Germany probes 'neo-Nazi' email threats

Getty Images Martina Renner of Die Linke, 3 Jul 14Getty Images
Left-wing MP Martina Renner got an email warning of "executions" in the streets

German prosecutors are investigating more than 100 threatening emails sent to politicians, lawyers, a pop singer and others, apparently from neo-Nazis.

The anonymous emails are signed "National-Socialist Offensive", "NSU 2.0" or "Wehrmacht" - suggesting one or more neo-Nazis sent them.

Left-wing MP Martina Renner and pop singer Helene Fischer were targeted.

The language of the emails is similar. Some were bomb threats, which prompted police searches in two cities.

Those threats triggered evacuations of the main railway station in Lübeck on Monday and of the public finance offices in Gelsenkirchen on Tuesday, but no bombs were found, German media report.

Last September Helene Fischer condemned far-right hate speech at a concert in Chemnitz, soon after far-right groups had marched in the eastern city and clashed with police there.

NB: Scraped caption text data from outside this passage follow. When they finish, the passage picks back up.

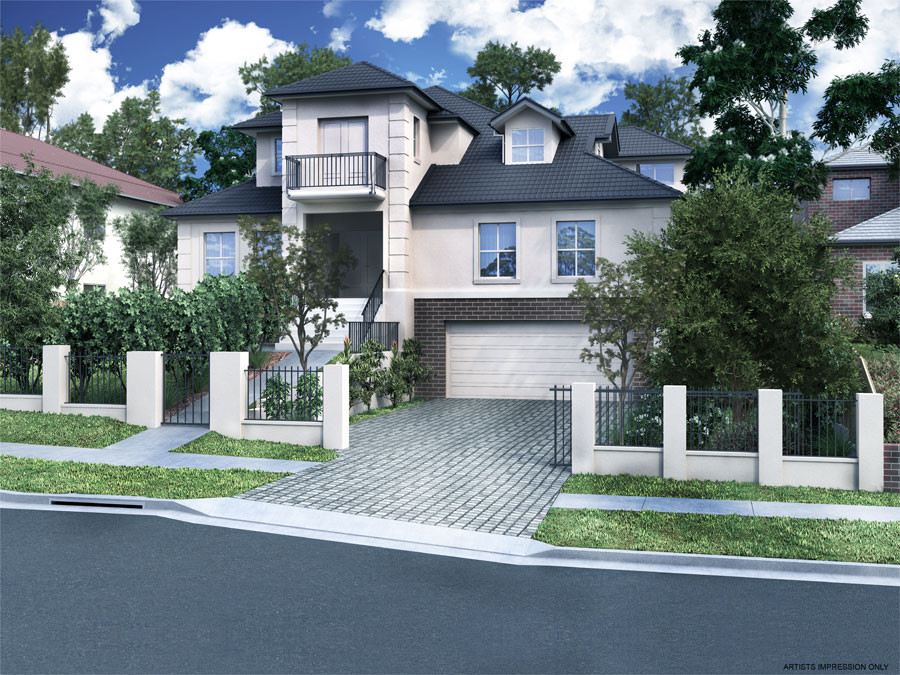 Elementree Drafting Services Pic 1 - PhotoRealistic Image 1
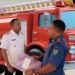 Masuk Prioritas Bantuan Mobil Damkar, Pemkab SBT Percepat Biaya Pengiriman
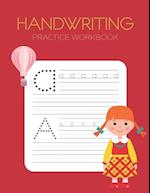 Handwriting Practice Workbook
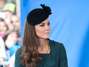 Kate Middleton encabeza la lista de Las mejor vestidas del año según la revista Vanity Fair.  Foto: Gtres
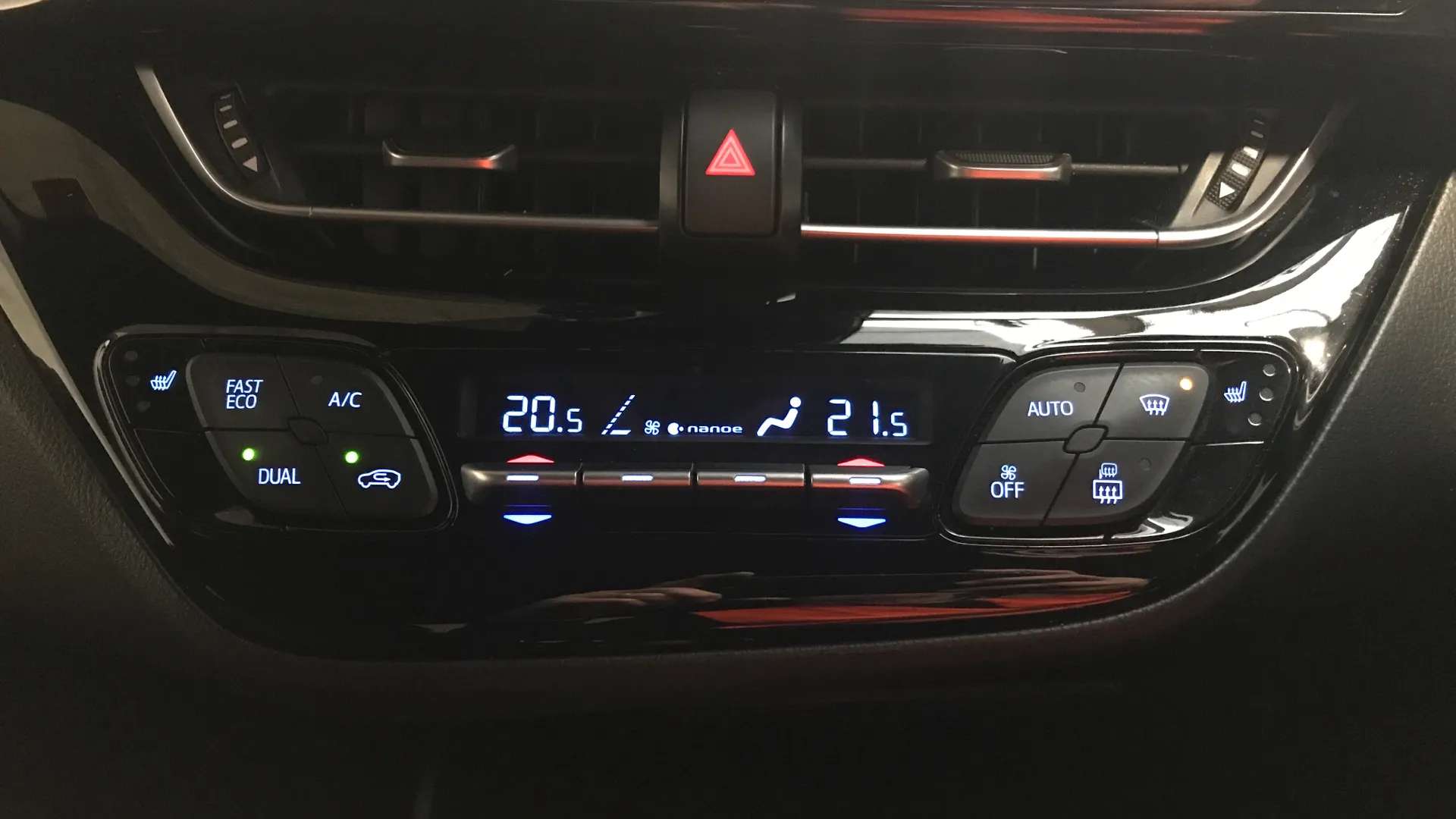 2018 TOYOTA C-HR 2018 TOYOTA C-HR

Read more on related topics:

Getty Images Helene Fischer, 12 Jan 19Getty Images
Helene Fischer - a star of German "Schlager" pop - was reportedly targeted

The German daily Süddeutsche Zeitung reports that MP Martina Renner of left-wing party Die Linke received an email on Tuesday that threatened letter bombs and "executions in the street", and was signed "National-Socialist Offensive".

National Socialism was the ideology of Adolf Hitler, whose army in World War Two was called the Wehrmacht. "NSU 2.0" refers to the outlawed National Socialist Underground, a neo-Nazi terror group found to have committed 10 racially-motivated murders.

The only surviving member of an NSU cell, Beate Zschäpe, was found guilty in that murder case last July.

Many of the threatening emails were apparently posted in Berlin, so the investigation is being led by Berlin state prosecutors.

Threats of violence can be prosecuted under laws against incitement, blackmail or disturbance of the peace.

Among those who received bomb threats were Germany's Central Council of Jews, high courts in Bamberg and Munich, the chief prosecutor's office in Frankfurt and Hamburg airport.